Since the machine learning model may determine one or more regions 308 of the frame 304 corresponding to or otherwise similar to the target asset 316, the ROI/NI identifier 320 may generate a mask 324B that identifies a portion 328B of the frame 304 that may be blurred, since the region 336C of the frame 304 corresponds to a portion of scenery that may be a similar distance from a user as the one or more regions 308. The blurring/enhancement operator 224 may then blurred the region 336A and 336B. The resulting frame may then be provided to the encoder, encoded, and transmitted to one or more devices for decoding and subsequent display.

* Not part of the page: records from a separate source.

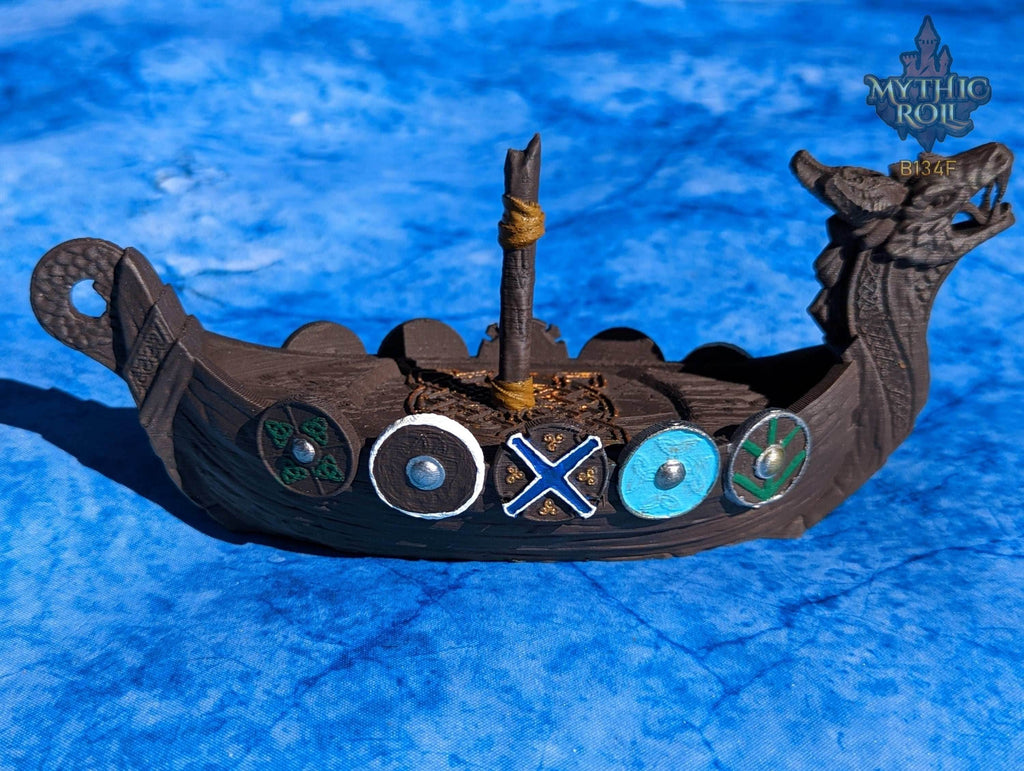 Viking Longboat 3D Printed Dice Jail | RPG Dice Vault | D20 Storage Box | Player Gift | Mythic Roll by Unchained Games - Black / Yes- Include Random Dice Set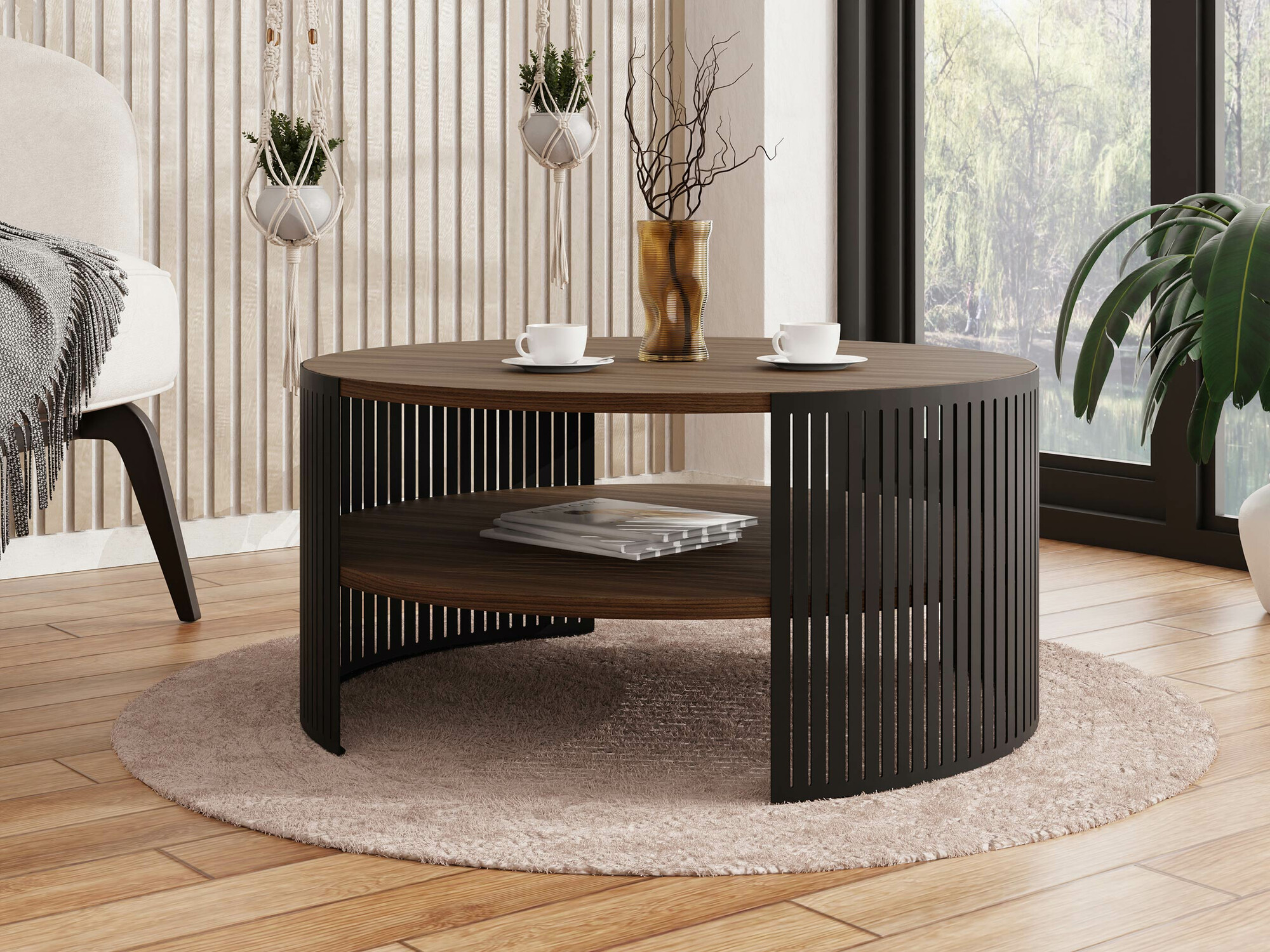 Sofabord Civer (Sort + Valnød)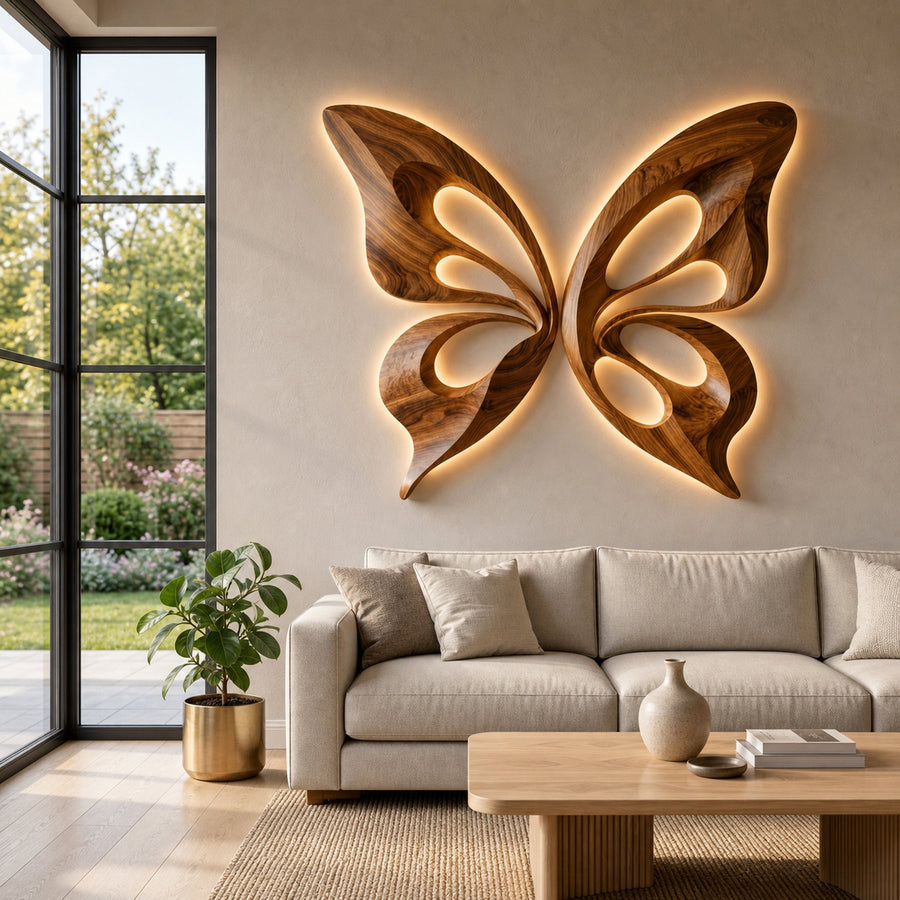 Modern Wooden Butterfly Wall Art Hand Carved For Living Decor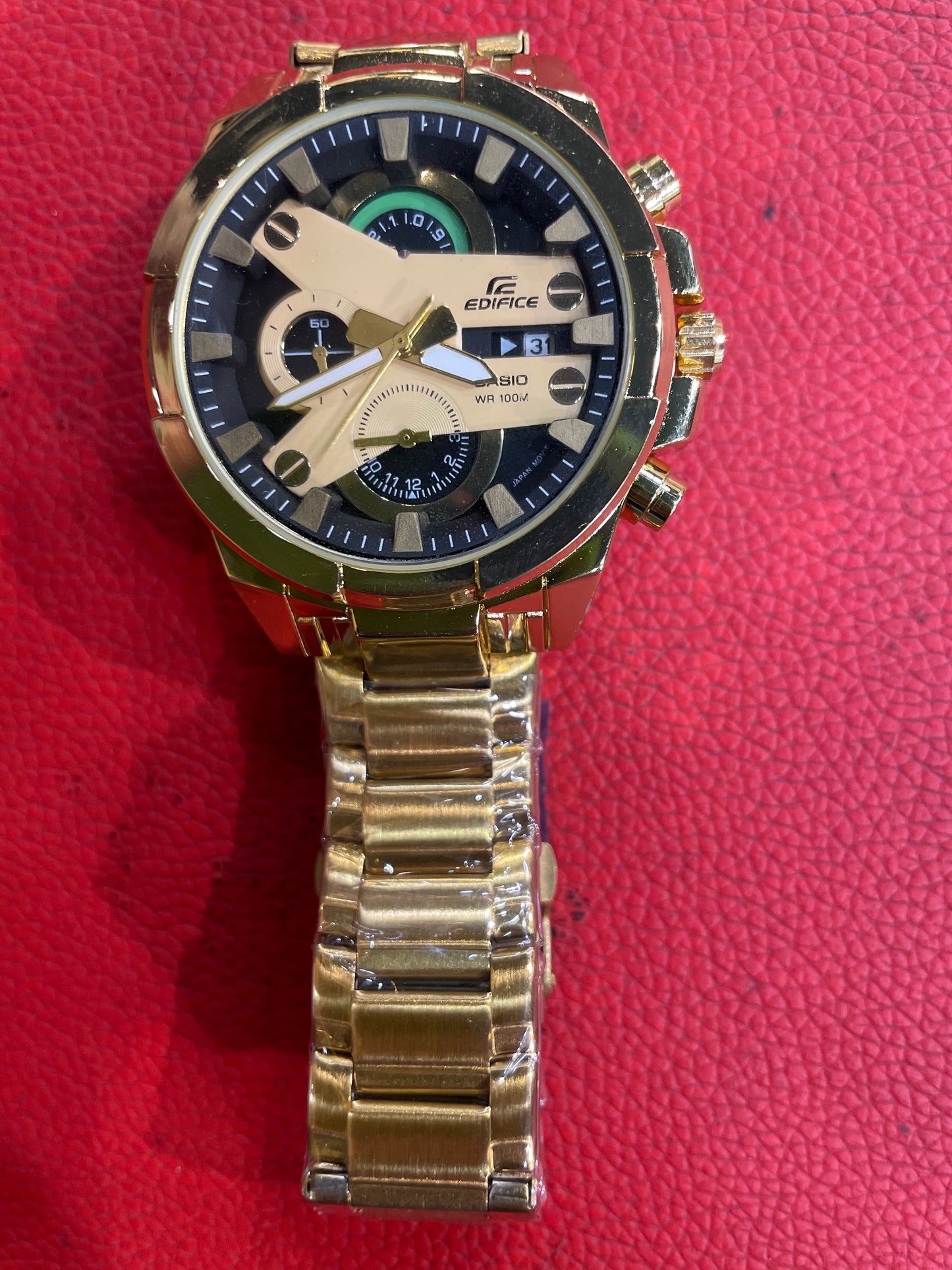 IDE EDI Golden Chain Black Dial Chrono Mens Premium Watch 990517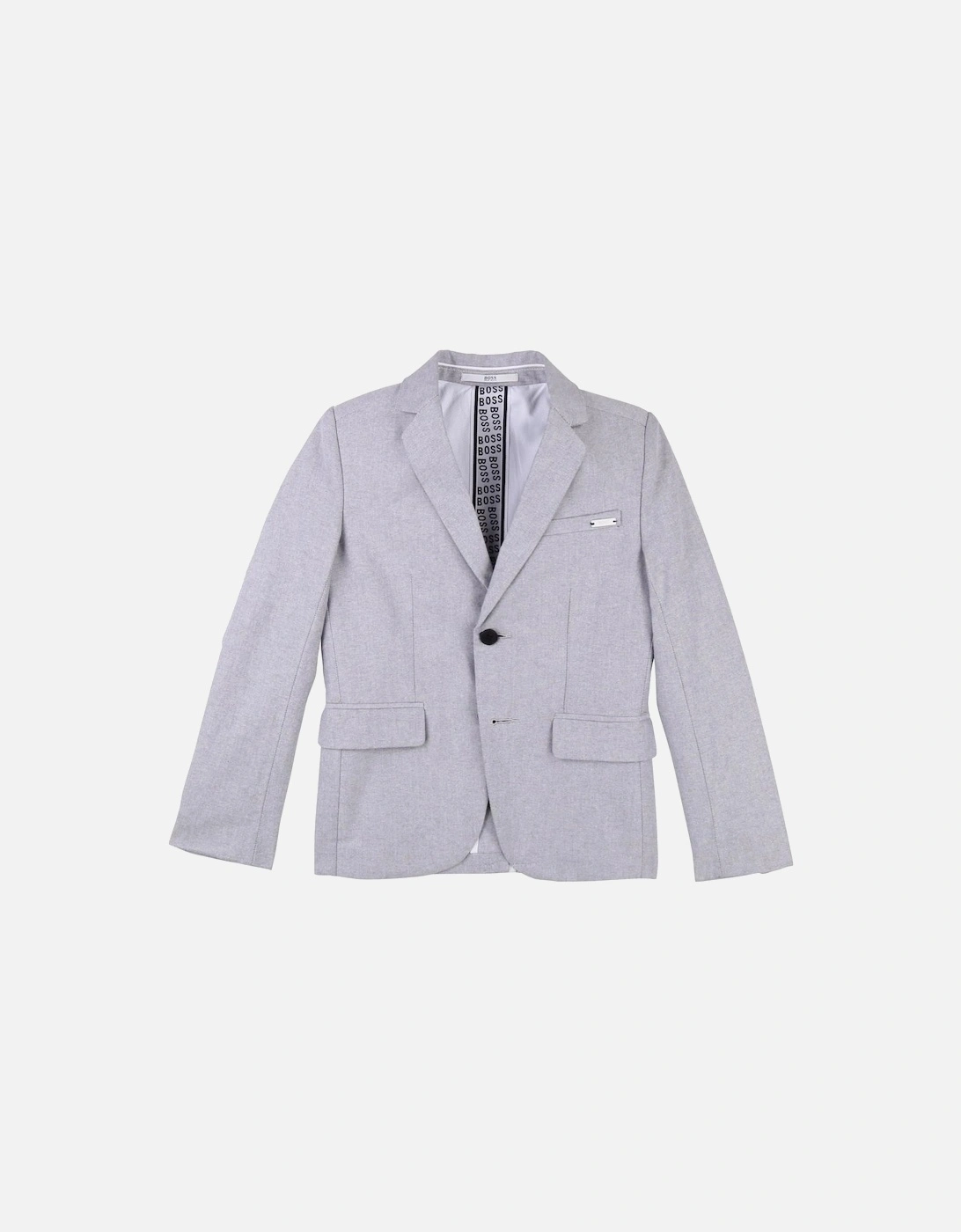 Boys Grey Cotton Suit Jacket, 4 of 3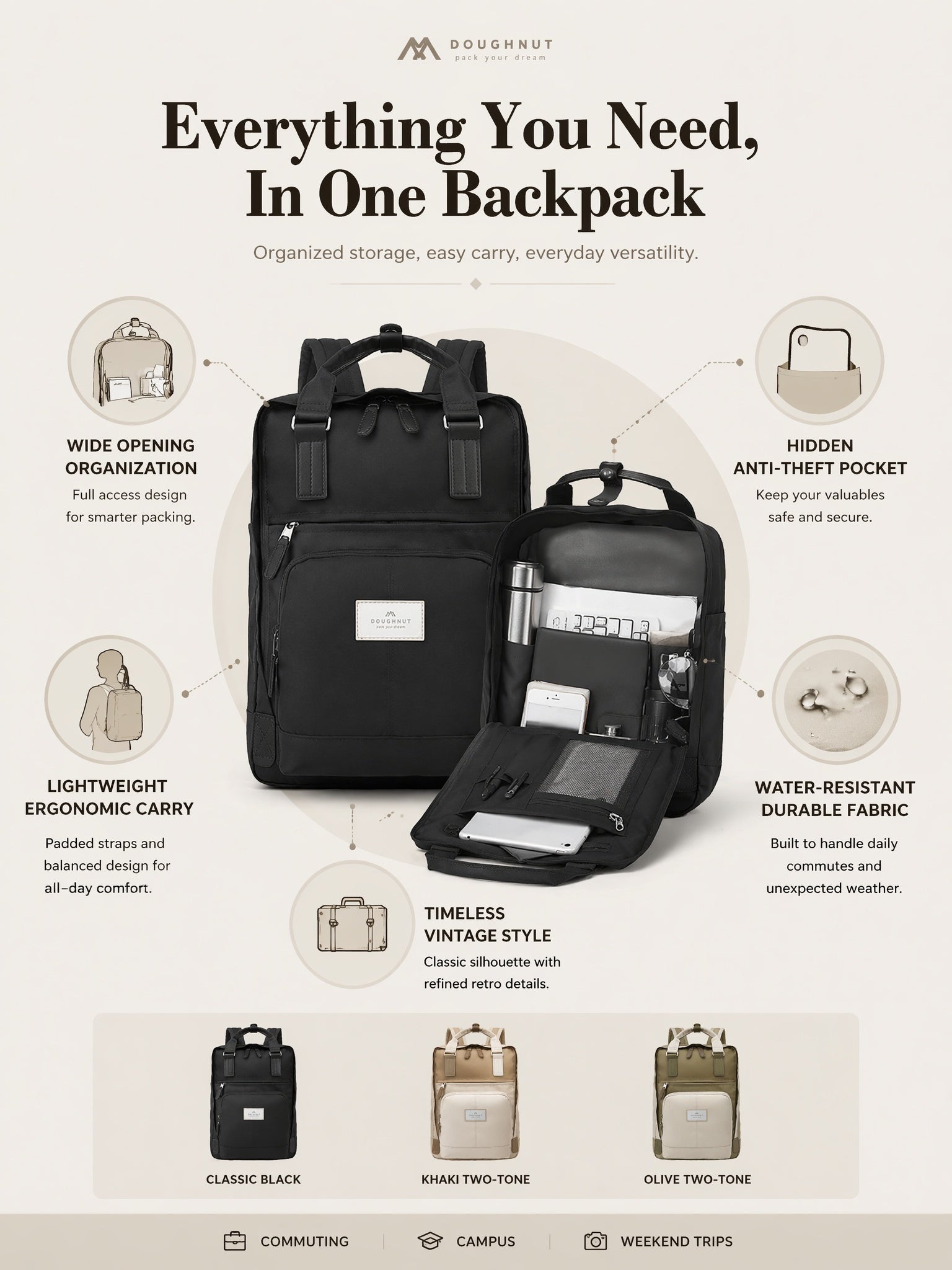 Premium Multi-Pocket Laptop Backpack - Lightweight & Versatile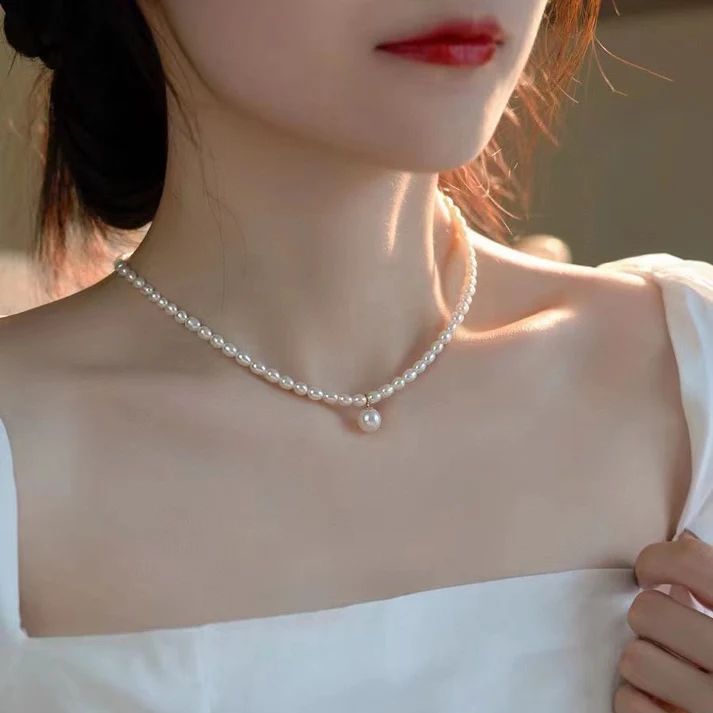 5-6mm Freshwater Rice Pearl Necklace 18"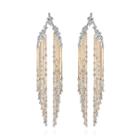 Mike Joseph White And Yellow Gold Jaw-grazing Earring With White Diamonds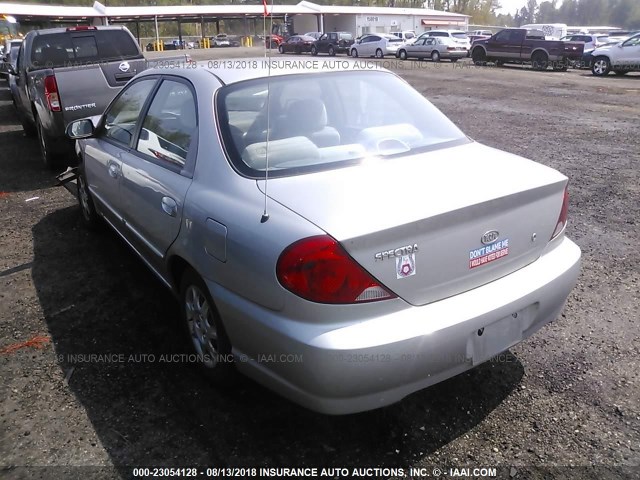 KNAFB121835251885 - 2003 KIA SPECTRA LS SILVER photo 3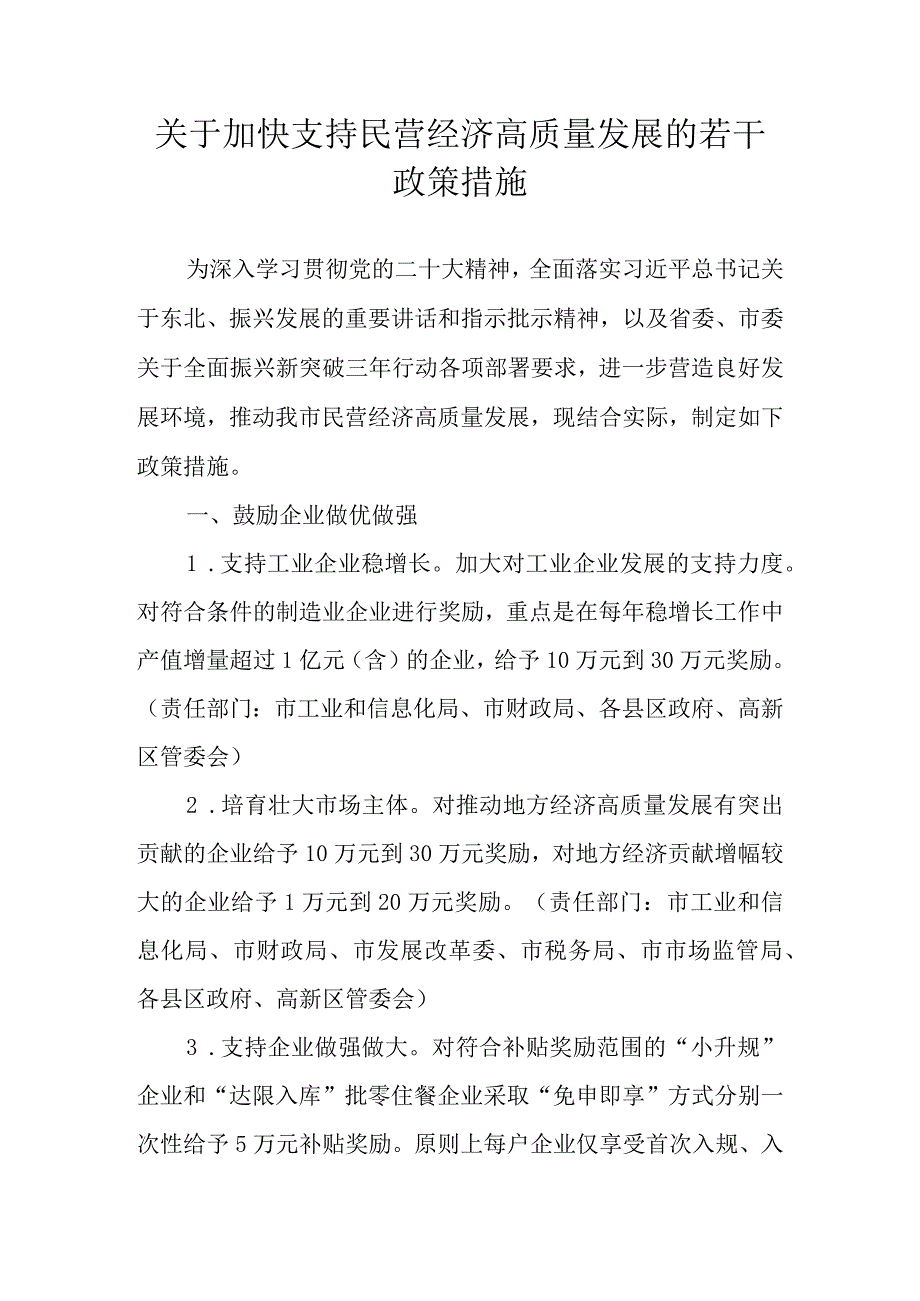 关于加快支持民营经济高质量发展的若干政策措施.docx_第1页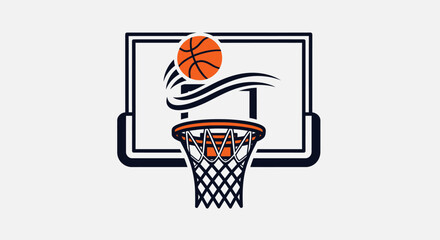 Basketball ball flying into hoop with motion lines © Jaka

FIG. 4 depicts an example enhancing technique applied to a frame of video in accordance with examples of the present disclosure. More specifically, a frame 404, or a portion of a frame 404, corresponding to a frame of video and/or a frame of game content may be enhanced to distinguish one or more targets in the frame from other regions. That is, a region of interest may be identified and enhanced to provide an additional level of detail, scale, or to direct the eyes of a user to the specified region of interest of the frame 404. Accordingly, one or more target assets, such as a heads up display 414 and a user 412, may be provided to the ROI/NI identifier 420, where the ROI/NI identifier 420 may create a mask 402 corresponding to or otherwise identifying a region of interest that is to be enhanced. For example, the ROI/NI identifier 420 may identify regions of interest 408A and 410A based on the input target assets of 412A and 414A. Accordingly, the mask 402 may include a portion 416A and 418A corresponding to such regions in the frame 404; therefore, the blurring/enhancement operator 224 may enhance the regions of interest 428A and 430A such that regions of interest 428A and 430A stand out or otherwise provide an additional level of detail when compared to other regions of the frame 404. The resulting frame may then be provided to the encoder, encoded, and transmitted to one or more devices for decoding and subsequent display as frame 424, for example at the output device 422.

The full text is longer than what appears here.